At lunch the next day, Tia said to him, “Why don’t we walk down to the old houses?”
“Yes, you go with Tia, Tom. I’ve got a bit of work to do in the study,” Stuart said.
He tried not to show reluctance at this proposal, because although he had been thinking of going, he wanted to be alone. Yet it was difficult to resist Tia’s pleasure in the invitation, and so he agreed.
It was a few minutes’ walk. The lane ran down to a gully where the old house had huddled in the lee of a hill, and out of sight of the Downs homestead. The surrounding pines were stunted and twisted by the wind. Nothing much of the house structure was left now; the wooden foundation posts were almost obscured in long grass; a brick chimney with a blackened fireplace stood alone; sheets of rusting iron scattered the ground, and to one side was a holed water tank and a lavatory bowl lying on its side. Beyond were the ruins of more than half a dozen shacks and bunkhouses formerly occupied by other station hands.

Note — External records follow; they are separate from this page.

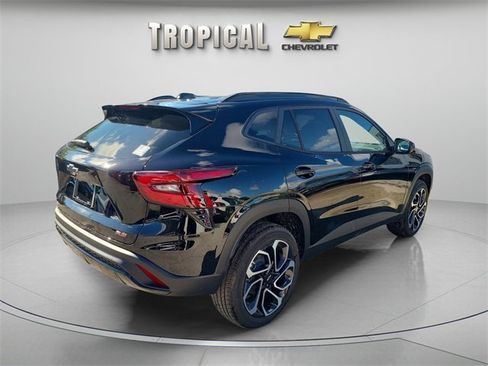 New 2026 Chevrolet Trax RS w/ Driver Confidence Package image 5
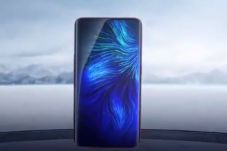 Smartphone dengan Kamera...
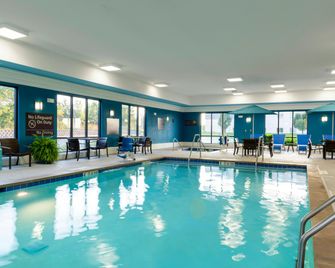 Hampton Inn & Suites Marshalltown - Marshalltown - Zwembad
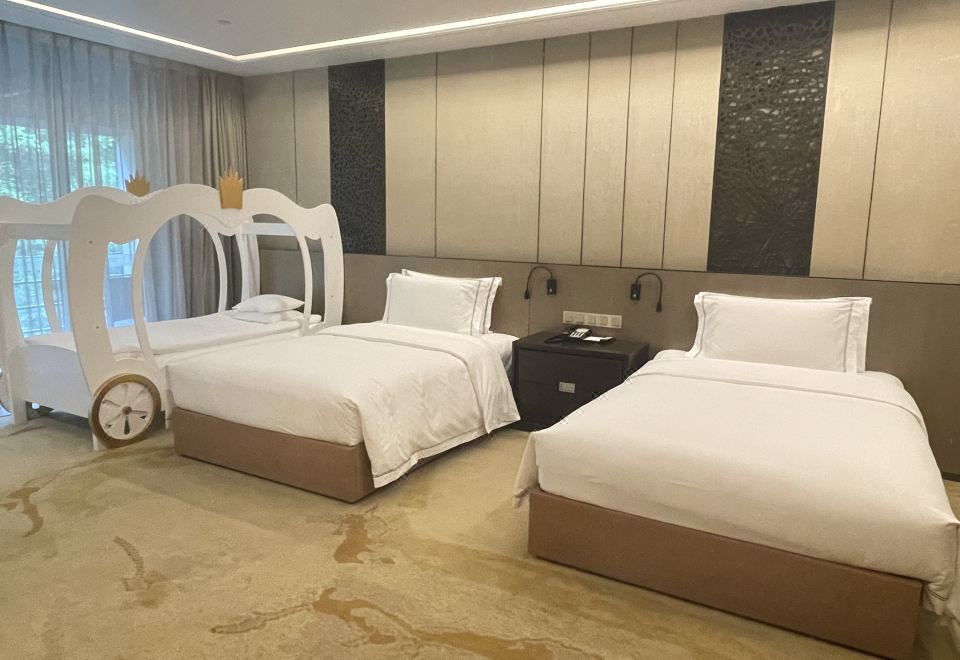 山景·亲子三床房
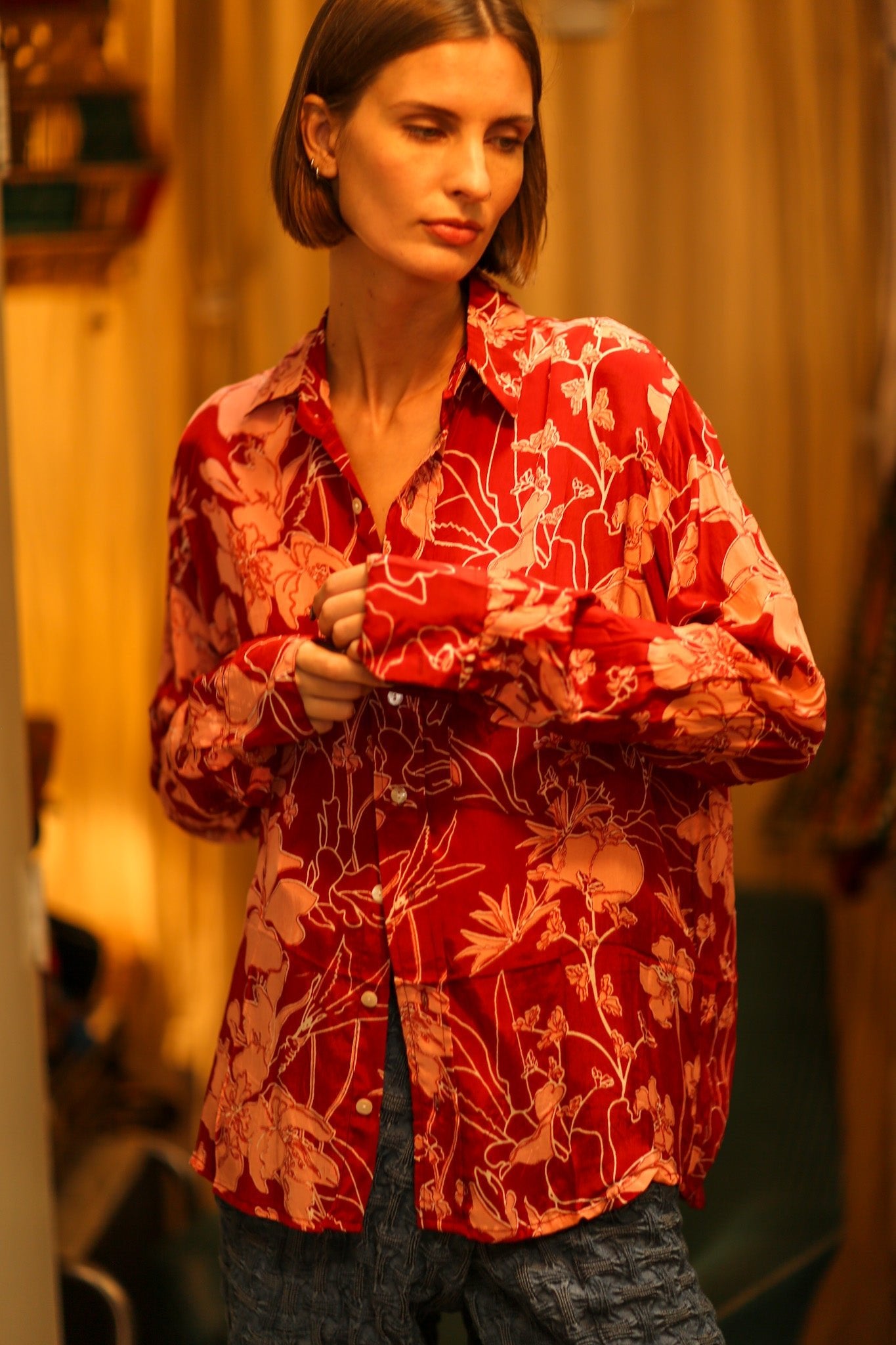 BOYFRIEND BILLIE RED JUNGLE - BANGKOK TAILOR CLOTHING STORE - HANDMADE CLOTHING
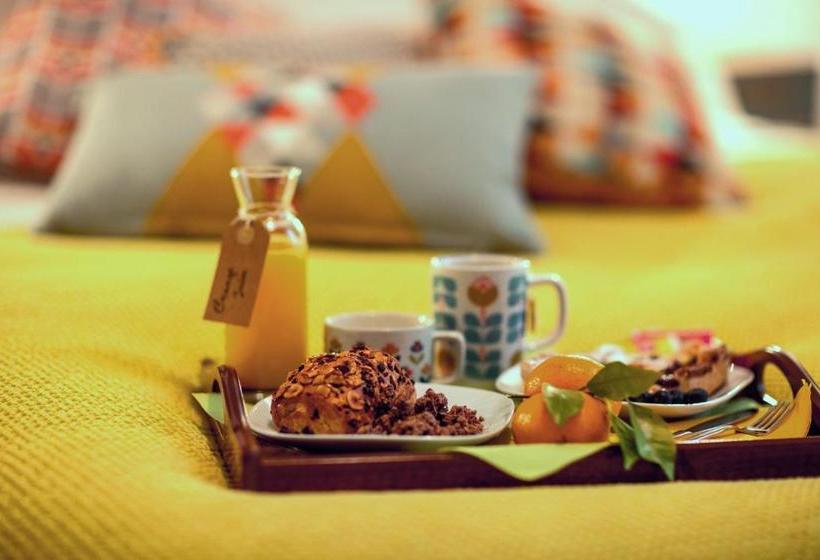 Bed and Breakfast Latte & Biscotti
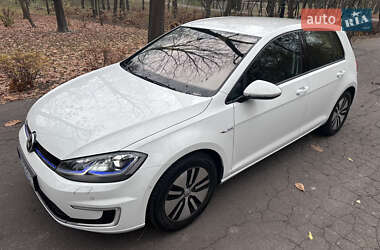 Хетчбек Volkswagen e-Golf 2017 в 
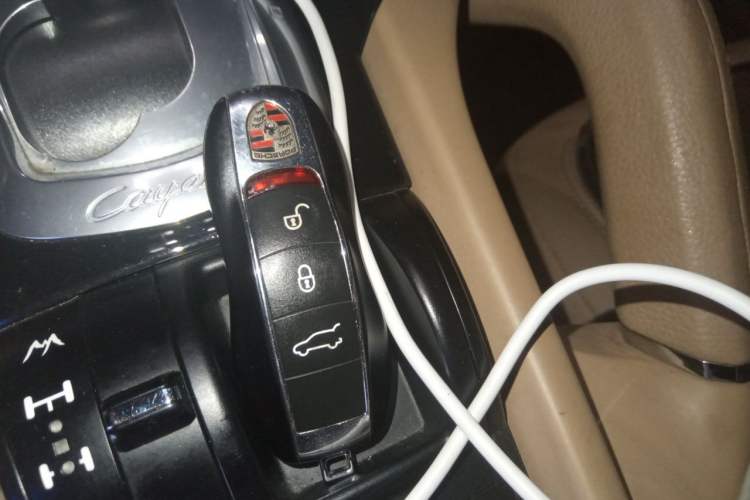 Used Porsche Cayenne 2012 3.0T parallel import Vehicle Key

He had an image of his father, his mother and himself at differing times, squatting over the ceramic bowl.
“It was a rickety old dump when we lived in it.” He kicked through the grass. “Peeling paint, warped timber and a leaky roof.”
“You lived here with your mother and father?” Tia said, surveying the ruin.
“My old man was the manager here - at least that’s what he was called, although I guess Ernest never actually stopped managing any property or person in his power. I was ‘Bill Stavely’s boy’, always available to help out. And my mother lived here after my father died on Mt Vogel, until she died.”
“That was nice…”
“An act of kindness by the generous Ashtons, you think? Sometime I’ll tell you the story.”
“Stuart talks about you as though you are some kind of legal big shot…”
“Well, I’m not. When I leave my job in London, my name will be forgotten in my office in a month, perhaps in a week.”
She assented with an uncertain movement of her head. “All these ruins are scheduled to be cleared next year. This little page of history.”
“What are you putting in its place?”
“Nothing. We don’t need more outbuildings…”
“A very dog-eared page of history… New Zealand was a place where people reinvented themselves, Tia. Maybe Stuart told you about Joe Ashton in the 1870s. Not by any means an uncommon story. Somebody has to win. He came from Glasgow poverty via the goldfields of Australia and the West Coast and parlayed his stake into this, hundreds of thousands of acres.”
“Yes, Stuart told me. Joseph Ashton was a Pakeha land-grabber,” she said, contemptuously.
“There’s lots of stories around here about him still. A cruel and domineering
man by all accounts. Hardly literate, but deadly cunning. Plucked a woman from a bar in Springvale, fathered children and founded a dynasty. The genes must have been accidentally right. Joe would have had little choice of women. Springvale wasn’t much more than a saloon, stables and a trading store at the time.”
“It’s also a story of sweated labour, tricky land deals, bribery and undue political influence, from what Stuart tells me.”
“Right. And it will all end in the hands of a Maori princess.”
She smiled thoughtfully. “It means nothing to me. I hope you can believe it. I’m not a princess. I’m Ngai Tahu. These great spaces don’t belong to individuals, they belong to all of us. But what about your father?”
“He didn’t have any steel in him like the Ashtons. A make-do man from nowhere. He was of Scots extraction too, I believe, but he had no past or relatives that I ever heard of. Not one. He appeared over the hill, met and married my mother. She was an emigrant from Norfolk - a hotel maid. I don’t know anything definite about her past either. She’d never talk about the past. I was fourteen when Bill Stavely died in 1972. Much of what I know about him is hearsay. He was clever at rebuilding internal combustion engines and a bullying foreman. I never knew him as a fatherly figure, only as a morose and violent drunk.”